Se trata de cambiar el planteamiento: no es que, de toda esa información que maneja el Estado, tengan que decidir ahora los gobiernos cuál tienen derecho a conocer los ciudadanos; es que, por definición, tiene derecho a conocerlo todo; lo que habrá que establecer, en una ley y argumentadamente, son las excepciones a esa norma general: en qué casos se considera aceptable que se cubra esa información con un velo. Y dos las excepciones, o los criterios, que casi todos los países aceptan: uno, la privacidad; dos, la seguridad nacional.
El libre acceso a la información se ve limitado cuando la difusión pública de esa información puede suponer un riesgo para la seguridad del país o de quienes trabajan en la sombra para defenderla. Allí donde la transparencia encuentra más obstáculos (y donde legalmente está proscrita) es en los servicios de inteligencia (léase espionaje), en algunas áreas de la actividad de los Ejércitos y de las llamadas relaciones diplomáticas. Allí donde la ausencia de luz se considera indispensable para tener éxito, los gobiernos, los Parlamentos, preservan la penumbra frente a quienes desean encender los focos.
La historia de Bradley Manning, este joven de veinticinco años que iba para informático, soñaba con trabajar para Apple o Microsoft y acabó alistado en el Ejército norteamericano en Iraq y pasándole información confidencial a Wikileaks, plantea -entre otras- esta pregunta de “qué sí y qué no”, que es realmente seguridad nacional y qué es ocultación interesada de información comprometedora. En un cuartel de Maryland ha comenzado hoy el juicio militar a Manning por colaboración con el enemigo, o dicho de otro modo, traición a la patria.
Alega la acusación –el gobierno—que el material confidencial que el soldado proporcionó a Julian Assange, Wikileaks, acabó en manos de enemigos de Norteamérica como Bin Laden, en cuya vivienda de Abbotabad se encontraron copias de papeles que se había descargado para imprimirlos.
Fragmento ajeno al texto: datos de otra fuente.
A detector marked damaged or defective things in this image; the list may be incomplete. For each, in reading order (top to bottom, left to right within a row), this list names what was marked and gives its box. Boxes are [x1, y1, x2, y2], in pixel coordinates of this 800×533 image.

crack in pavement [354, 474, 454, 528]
Él se declara culpable de pasarle documentos confidenciales a Wikileaks, pero no de traición. Alega que lo que le movió fue, precisamente, su deseo de fortalecer a los Estados Unidos abriendo un debate público sobre los métodos que se estaban empleando en las guerras de Iraq y Afganistán.
Lo que luego ocurriera con esos documentos, o el uso que otros le dieran, entiende la defensa que no es achacable al soldado. Que Manning va a ser condenado parece fuera de duda: la cuestión es cuál será la pena, cuáles los cargos que se consideren probados. Pero el debate va más allá de la sala. El debate es si todos esos documentos eran legítimamente secretos o si el Pentágono y la Casa Blanca abusan de su poder para correr el velo de la opacidad sobre asuntos que no tienen por qué ser ocultados al público. La pregunta: ¿todo lo que se declara secreto de Estado es por seguridad nacional o es una coartada que sirve para apagar a luz sobre cuestiones incómodas no para la integridad nacional sino sólo para quien gobierna?